A strong English banding organisation could deal with the contest barons and for a start require minimum standards of contest facilities. The Associations, whose Area contests provide some of the most disgraceful of facilities for bands that I have ever seen, are still in control of the Federation, so improvement is not going to come from there. (The contest officials often show wholly unsympathetic attitudes towards bands who have worked hard to raise the money to attend, travelling great distances, and who then compete for derisory prizes. All improvements in the conduct of contests in recent years in the UK have been initiated abroad.)
Another matter of concern is the question of monopoly. Monopolies are not pretty things, and in recent times banding has been rather badly served in this regard. Banding being a very small world, monopolies are taken rather for granted: we know the people who run them and sometimes they are our friends. Which is the very reason why there should be a strong impartial central body to make sure that banding is not used by some of these enterprising operators without a reasonable payback to banding.

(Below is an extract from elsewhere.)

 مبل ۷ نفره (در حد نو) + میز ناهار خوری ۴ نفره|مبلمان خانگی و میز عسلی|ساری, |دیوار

The monopoly question brings up the question … what about young composers and arrangers? The future of banding really does depend more on these writers than on ‘me-and-you’ players and conductors. Using financial reserves gained from its religious activities, SP&S, the Salvation Army owned organisation, is rolling out its tanks more or less everywhere, in publishing, recording, and concert promotion. It would be extraordinary if this did not spill over into the choice of contest and concert material. In a letter to 4bars rest the MD of SP&S recently wrote the following: “I would see us evangelising not through 'preaching' in the magazine, but through the ever increasing performance of our sacred music, and through the personal contacts made within the banding fraternity.”

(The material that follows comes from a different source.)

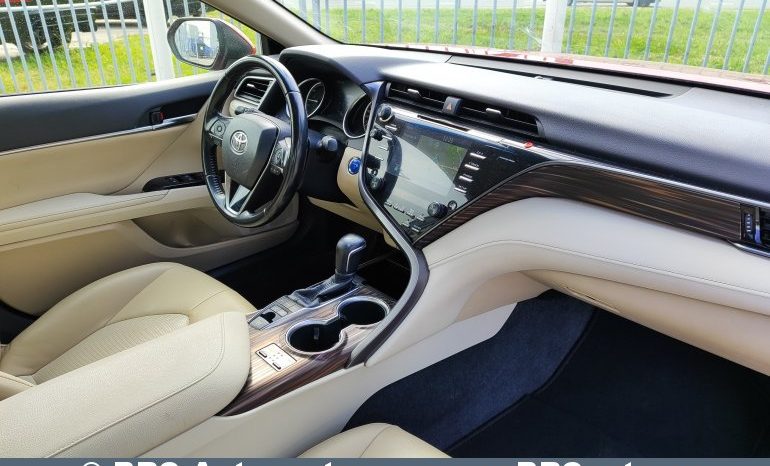 
								Toyota Camry 2.5 Hybrid Automatas 2019 full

Whether for converts or cash, the bulky presence of SP&S/SA is nearing a monopoly status in several areas of banding. The development of young independent composers outside special interest groups is vital: if new writers are squeezed out of performance and contest opportunities by the subsidised productions of SP&S … or whoever … preaching a message, the range of music available will quickly become very narrow. (The SP&S catalogue has been compiled over many years for religious purposes, without any writers being paid by the SA. Leaving aside whether the music writers who have assigned their rights to the SA for religious reasons might approve of this commercial use of their time and talents, does this really constitute a fair market for normal people who have to live in the normal world? Young composers of talent who have a liking for bands will go elsewhere and not come back when faced with ‘competition’ so heavily weighted against them.)

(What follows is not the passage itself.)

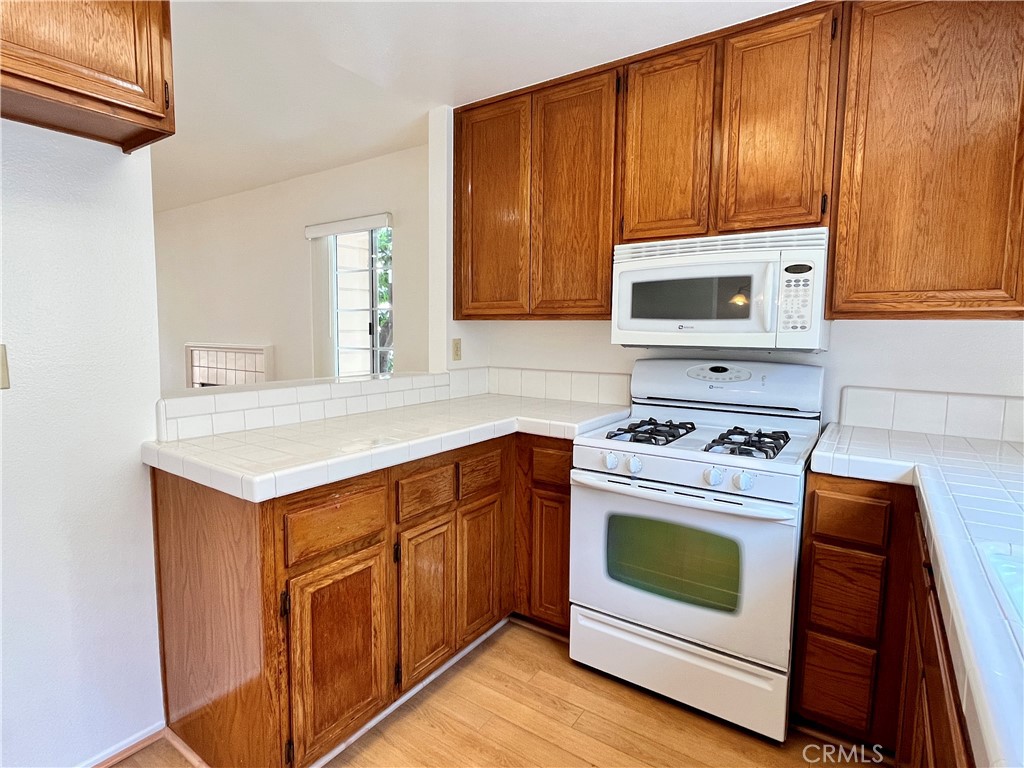 2800 Plaza Del Amo 474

So who do we think we, English banding, are? Are you just a member of the me-and-you club, or do you have any thought for banding itself, for its past and its future? Or are you a shrugger? Do you murmur “That’s banding!” smile, shrug, and pass by on the other side of the road?
As I reach the age where, any day, someone is likely to offer to help me cross the road, I have a final proposal to offer. (No, I do not want to go into adjudication now that I have reached the appropriate age!) In the case of nothing happening in the near future to improve English banding’s lot, can I suggest something similar to the initiative that Richard and I undertook years ago? It’s based on two thoughts. Firstly, most would agree that Yorkshire is still the centre of banding. And secondly, I think that top banding is very generous to its stars. Therefore can I suggest that the Musical Directors of the top-ranking six Bands of that County get together, with or without BBBF, and discuss the future of English banding to see whether they can help, or create an initiative? Or do Something? (With a bit of luck one of them might be English.)